Dover says the key to staying positive during a job search and interviews is to remind yourself of what you bring to the table.
“I made a list of my bigger accomplishments and made sure I was able to work them in casually,” he explains.
Also, remember that while your potential employer is evaluating you, you should be evaluating them, too.
“I had one job interview where the guy showed up late,” Dover says. “Then his boss came in and interrupted him, then he had me jump through all these hoops and this silly test. I realized, this guy isn’t getting any respect from his boss. If I work here, I’m going to be waiting around and won’t get any respect either. It’s a good idea not to leave one evil for another.”
“Everybody has some kind of quirky body message going on,” says Alba. “They use the hands too much or it’s the way they sat.”
He suggests that you have somebody watch you during a mock interview and give feedback or videotape yourself and watch it later.
Levit’s advice is to “always make eye contact. Even if you’re nervous, don’t show desperation in your voice or mannerisms. Take a few notes, but pay attention to what’s going on. People love to talk about themselves, so (try to) get the interviewer to talk.”
A note about small talk: It’s great to feel comfortable with your interviewers, but whatever you do, don’t badmouth your previous employers.
“HR or recruiter might seem like a friendly ear,” Levit says, “but they are not your friends.
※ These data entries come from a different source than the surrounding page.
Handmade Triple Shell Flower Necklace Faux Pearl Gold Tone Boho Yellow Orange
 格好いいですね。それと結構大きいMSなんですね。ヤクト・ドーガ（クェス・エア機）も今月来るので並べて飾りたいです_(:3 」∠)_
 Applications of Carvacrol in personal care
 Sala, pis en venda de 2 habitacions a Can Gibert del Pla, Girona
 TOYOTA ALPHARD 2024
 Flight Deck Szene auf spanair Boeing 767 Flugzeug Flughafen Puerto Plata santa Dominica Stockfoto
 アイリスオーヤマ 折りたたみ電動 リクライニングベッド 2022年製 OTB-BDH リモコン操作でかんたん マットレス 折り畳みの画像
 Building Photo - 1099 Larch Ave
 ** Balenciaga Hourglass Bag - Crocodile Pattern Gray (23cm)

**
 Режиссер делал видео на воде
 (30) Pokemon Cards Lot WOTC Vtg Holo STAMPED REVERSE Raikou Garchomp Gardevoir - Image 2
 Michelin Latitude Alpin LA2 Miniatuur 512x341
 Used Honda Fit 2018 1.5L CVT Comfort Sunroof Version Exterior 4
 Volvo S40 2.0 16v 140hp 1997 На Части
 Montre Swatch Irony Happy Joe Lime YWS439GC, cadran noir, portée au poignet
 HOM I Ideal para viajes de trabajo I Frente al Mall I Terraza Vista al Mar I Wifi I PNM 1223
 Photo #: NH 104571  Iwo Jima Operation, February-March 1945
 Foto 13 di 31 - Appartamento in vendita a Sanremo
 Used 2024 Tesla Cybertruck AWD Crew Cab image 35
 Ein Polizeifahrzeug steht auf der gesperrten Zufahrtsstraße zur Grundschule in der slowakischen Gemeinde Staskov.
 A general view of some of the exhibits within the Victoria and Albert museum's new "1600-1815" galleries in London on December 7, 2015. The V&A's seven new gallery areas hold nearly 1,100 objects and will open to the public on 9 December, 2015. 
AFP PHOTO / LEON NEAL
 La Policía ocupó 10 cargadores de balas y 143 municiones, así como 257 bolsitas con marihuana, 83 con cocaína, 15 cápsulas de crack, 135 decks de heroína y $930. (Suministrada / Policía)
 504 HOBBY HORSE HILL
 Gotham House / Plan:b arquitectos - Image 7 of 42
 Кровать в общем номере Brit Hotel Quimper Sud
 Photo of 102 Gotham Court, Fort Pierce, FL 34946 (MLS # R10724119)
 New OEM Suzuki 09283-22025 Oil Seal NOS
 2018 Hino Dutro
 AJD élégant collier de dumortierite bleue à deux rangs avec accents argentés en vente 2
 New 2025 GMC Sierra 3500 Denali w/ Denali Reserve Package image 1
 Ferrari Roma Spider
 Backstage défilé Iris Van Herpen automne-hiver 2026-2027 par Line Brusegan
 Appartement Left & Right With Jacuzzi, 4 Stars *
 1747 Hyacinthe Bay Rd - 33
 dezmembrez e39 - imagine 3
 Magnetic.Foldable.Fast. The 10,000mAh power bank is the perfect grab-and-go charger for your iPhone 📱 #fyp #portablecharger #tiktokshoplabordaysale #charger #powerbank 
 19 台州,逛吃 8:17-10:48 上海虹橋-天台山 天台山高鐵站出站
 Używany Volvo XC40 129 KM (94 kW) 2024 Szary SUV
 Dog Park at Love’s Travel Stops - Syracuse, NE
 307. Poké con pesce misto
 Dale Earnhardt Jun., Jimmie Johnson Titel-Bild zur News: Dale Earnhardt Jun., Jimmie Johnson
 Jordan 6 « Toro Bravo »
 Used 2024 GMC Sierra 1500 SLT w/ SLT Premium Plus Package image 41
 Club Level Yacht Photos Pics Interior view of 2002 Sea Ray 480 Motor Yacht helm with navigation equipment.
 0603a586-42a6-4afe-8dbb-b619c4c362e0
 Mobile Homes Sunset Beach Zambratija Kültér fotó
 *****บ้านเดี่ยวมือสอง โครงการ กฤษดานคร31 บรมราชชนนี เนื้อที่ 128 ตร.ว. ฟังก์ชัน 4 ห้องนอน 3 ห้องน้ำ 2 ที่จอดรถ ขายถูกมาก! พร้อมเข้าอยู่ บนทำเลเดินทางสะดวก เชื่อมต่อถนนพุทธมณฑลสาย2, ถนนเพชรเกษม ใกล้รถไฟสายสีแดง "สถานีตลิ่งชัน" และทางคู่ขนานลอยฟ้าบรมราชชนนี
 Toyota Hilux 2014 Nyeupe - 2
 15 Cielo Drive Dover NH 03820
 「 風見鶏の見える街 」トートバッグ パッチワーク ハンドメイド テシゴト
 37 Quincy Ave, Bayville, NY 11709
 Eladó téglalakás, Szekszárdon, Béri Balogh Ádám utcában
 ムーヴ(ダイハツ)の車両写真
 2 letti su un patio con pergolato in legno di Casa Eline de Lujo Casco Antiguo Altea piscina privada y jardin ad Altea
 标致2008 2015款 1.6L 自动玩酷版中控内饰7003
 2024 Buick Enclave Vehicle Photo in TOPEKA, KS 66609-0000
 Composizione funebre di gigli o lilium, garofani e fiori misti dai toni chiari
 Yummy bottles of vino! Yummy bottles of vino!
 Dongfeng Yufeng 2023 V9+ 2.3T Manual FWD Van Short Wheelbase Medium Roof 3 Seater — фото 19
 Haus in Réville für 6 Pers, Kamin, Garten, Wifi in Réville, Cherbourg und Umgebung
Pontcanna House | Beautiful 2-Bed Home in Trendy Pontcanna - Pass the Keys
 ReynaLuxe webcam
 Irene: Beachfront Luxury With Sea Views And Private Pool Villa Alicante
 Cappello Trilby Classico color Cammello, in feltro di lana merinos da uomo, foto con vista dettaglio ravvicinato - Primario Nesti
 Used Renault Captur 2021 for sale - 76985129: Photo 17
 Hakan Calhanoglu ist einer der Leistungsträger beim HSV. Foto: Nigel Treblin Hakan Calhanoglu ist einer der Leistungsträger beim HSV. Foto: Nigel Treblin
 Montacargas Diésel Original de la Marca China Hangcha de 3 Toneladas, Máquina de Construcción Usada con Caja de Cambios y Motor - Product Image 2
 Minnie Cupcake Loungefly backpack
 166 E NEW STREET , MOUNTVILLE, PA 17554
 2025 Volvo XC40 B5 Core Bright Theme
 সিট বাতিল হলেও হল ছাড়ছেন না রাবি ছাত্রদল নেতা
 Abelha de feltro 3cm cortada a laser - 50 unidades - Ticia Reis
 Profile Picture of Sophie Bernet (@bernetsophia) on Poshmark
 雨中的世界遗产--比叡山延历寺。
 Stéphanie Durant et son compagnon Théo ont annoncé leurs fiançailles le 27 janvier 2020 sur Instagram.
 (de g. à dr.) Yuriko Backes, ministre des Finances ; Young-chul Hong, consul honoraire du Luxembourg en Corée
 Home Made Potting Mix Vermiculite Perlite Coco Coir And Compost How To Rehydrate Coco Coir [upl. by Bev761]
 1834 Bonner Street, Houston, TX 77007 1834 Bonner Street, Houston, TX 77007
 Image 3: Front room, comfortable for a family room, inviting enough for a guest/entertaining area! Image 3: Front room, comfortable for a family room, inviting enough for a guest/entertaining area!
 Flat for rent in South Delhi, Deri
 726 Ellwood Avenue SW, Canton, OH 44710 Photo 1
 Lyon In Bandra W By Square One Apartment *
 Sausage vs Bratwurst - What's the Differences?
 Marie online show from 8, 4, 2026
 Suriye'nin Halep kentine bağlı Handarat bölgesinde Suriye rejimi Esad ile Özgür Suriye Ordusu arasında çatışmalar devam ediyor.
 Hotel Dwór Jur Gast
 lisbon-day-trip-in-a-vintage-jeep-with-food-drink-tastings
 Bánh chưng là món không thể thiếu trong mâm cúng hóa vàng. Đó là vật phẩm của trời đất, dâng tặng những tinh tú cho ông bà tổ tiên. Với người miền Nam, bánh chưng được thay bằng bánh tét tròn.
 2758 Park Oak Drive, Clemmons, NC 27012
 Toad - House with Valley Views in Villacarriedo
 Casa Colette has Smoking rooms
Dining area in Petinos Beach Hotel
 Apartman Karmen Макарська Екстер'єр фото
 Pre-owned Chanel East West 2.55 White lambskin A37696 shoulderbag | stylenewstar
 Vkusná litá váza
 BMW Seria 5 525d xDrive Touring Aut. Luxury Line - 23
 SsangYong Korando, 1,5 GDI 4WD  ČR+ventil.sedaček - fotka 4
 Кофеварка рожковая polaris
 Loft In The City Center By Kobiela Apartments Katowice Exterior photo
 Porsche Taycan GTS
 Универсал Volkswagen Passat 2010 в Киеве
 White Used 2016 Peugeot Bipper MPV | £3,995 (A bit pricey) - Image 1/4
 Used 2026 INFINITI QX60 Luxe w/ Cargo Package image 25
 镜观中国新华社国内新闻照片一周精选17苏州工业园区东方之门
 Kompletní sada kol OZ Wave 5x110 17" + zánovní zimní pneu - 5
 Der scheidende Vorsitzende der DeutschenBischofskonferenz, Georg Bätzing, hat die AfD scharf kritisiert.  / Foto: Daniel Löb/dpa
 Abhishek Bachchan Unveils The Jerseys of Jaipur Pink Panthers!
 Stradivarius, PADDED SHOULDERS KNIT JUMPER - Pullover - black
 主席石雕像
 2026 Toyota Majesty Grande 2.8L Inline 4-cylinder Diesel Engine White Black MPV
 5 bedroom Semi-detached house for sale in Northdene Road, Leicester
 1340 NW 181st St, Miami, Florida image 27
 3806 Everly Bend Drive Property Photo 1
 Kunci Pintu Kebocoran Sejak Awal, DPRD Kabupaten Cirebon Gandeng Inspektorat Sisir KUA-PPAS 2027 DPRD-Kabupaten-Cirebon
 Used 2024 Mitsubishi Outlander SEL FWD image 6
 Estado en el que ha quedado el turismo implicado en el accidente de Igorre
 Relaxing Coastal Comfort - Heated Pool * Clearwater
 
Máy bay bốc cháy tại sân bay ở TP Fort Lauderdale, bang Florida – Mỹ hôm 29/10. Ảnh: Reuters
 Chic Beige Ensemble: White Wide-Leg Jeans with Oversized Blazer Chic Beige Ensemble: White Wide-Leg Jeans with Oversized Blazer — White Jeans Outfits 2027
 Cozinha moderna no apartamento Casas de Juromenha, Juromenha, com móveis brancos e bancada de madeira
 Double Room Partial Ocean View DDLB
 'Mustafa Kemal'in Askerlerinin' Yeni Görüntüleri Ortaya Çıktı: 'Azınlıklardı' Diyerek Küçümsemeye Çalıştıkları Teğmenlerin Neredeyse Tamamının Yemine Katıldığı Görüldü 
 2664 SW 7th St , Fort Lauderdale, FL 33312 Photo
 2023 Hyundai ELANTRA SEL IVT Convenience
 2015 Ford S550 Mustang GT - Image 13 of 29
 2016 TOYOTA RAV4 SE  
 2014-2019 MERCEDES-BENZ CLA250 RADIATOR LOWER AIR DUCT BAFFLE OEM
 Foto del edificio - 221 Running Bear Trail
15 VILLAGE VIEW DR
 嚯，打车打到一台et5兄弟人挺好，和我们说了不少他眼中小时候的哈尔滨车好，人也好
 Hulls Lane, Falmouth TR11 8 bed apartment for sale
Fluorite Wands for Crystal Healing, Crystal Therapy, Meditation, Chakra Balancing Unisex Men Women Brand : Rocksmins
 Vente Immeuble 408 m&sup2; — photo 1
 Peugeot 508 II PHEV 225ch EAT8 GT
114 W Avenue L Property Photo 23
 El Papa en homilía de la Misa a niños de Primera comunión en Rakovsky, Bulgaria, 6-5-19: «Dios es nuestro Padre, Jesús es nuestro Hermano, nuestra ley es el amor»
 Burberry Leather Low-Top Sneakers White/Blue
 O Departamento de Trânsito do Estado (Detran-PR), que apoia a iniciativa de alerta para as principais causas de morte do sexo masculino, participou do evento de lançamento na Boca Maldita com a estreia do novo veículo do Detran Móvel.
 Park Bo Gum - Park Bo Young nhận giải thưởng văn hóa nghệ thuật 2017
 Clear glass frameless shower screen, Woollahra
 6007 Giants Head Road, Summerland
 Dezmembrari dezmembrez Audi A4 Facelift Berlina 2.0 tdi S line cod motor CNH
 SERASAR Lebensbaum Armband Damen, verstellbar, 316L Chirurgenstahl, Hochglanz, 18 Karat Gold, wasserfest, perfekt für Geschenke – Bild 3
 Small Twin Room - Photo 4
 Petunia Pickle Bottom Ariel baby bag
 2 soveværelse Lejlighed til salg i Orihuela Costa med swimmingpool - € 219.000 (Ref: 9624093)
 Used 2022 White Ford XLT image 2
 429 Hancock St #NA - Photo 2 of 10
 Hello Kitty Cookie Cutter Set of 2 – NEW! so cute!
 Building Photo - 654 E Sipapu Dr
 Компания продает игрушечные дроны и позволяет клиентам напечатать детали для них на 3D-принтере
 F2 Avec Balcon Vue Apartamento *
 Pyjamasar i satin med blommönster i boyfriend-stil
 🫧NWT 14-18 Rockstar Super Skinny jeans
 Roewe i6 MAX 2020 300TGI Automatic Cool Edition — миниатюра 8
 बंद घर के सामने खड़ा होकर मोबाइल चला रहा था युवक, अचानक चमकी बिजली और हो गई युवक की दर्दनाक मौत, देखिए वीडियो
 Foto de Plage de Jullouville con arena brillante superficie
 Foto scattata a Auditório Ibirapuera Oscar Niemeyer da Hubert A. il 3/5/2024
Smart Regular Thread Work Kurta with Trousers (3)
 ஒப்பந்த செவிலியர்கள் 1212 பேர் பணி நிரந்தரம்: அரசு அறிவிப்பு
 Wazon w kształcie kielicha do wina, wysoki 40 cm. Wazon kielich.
They are your interviewer. Always spin in it a positive light. Say ‘I’m looking to do X, Y, Z,’ not that you hated your boss.”
Even if your interviewer did a thorough job of outlining the position and company, your lack of questions might be perceived as a lack of interest. But don’t ask about benefits or pay schedules in an initial interview, because that could come off as presumptuous or overly eager.
Alba recommends asking “questions that show you’ve done your homework about the company and you’re going to bring something professional to the role.”
For instance, “What are your expectations in this role?” According to Alba, another good question is, “‘When can I follow-up with you?'” so you can set that expectation. If they’re gonna close it out in two days, that’s something you’ll need to know.”
The decision-making timeline will dictate whether e-mail or snail mail is more appropriate for a thank you. But either way, be sure to follow-up to personally thank each of your interviewers for their time and reiterate your interest in the position.
“Most people fall down on the follow-up,” says Alba. “They wait around to hear something back. It has to be professional, not needy, whiny or urgent.”
Dover knew someone who “ended up contacting (a prospective employer) every two days for the next two weeks.” Suffice to say, she did not get the job she wanted.
“When you’re over-eager, it’s like dating,” he says. “You have to stand your ground (because) you don’t want to smack of kissing up.”
Rather than waiting by the phone or computer, move onto the next interview or job application. It will happen if it’s meant to be. If not, there are plenty more fish (and jobs) in the sea.
Remember, you don’t have to settle for whatever job or compensation package you’re offered.
“You have to at least ask (for more money),” says Levit. “(Once you accept a position), you may have lost the opportunity to ask for at least a year. It’s better to get that money (now). Even in this market, definitely ask. Things are negotiable.”
Dover managed to substantially increase his salary from his previous job by switching industries and demonstrating his value to the new company.
“They were looking for someone to do an overhaul (of their Web site),” he explains. “I can take care of it myself, so I saved the company around $6,000” as opposed to outsourcing it.
He also received a raise, which was negotiated three months ago when he started, at the beginning of this month. Despite the economy, Dover says “this is really the best negotiation I’ve done.”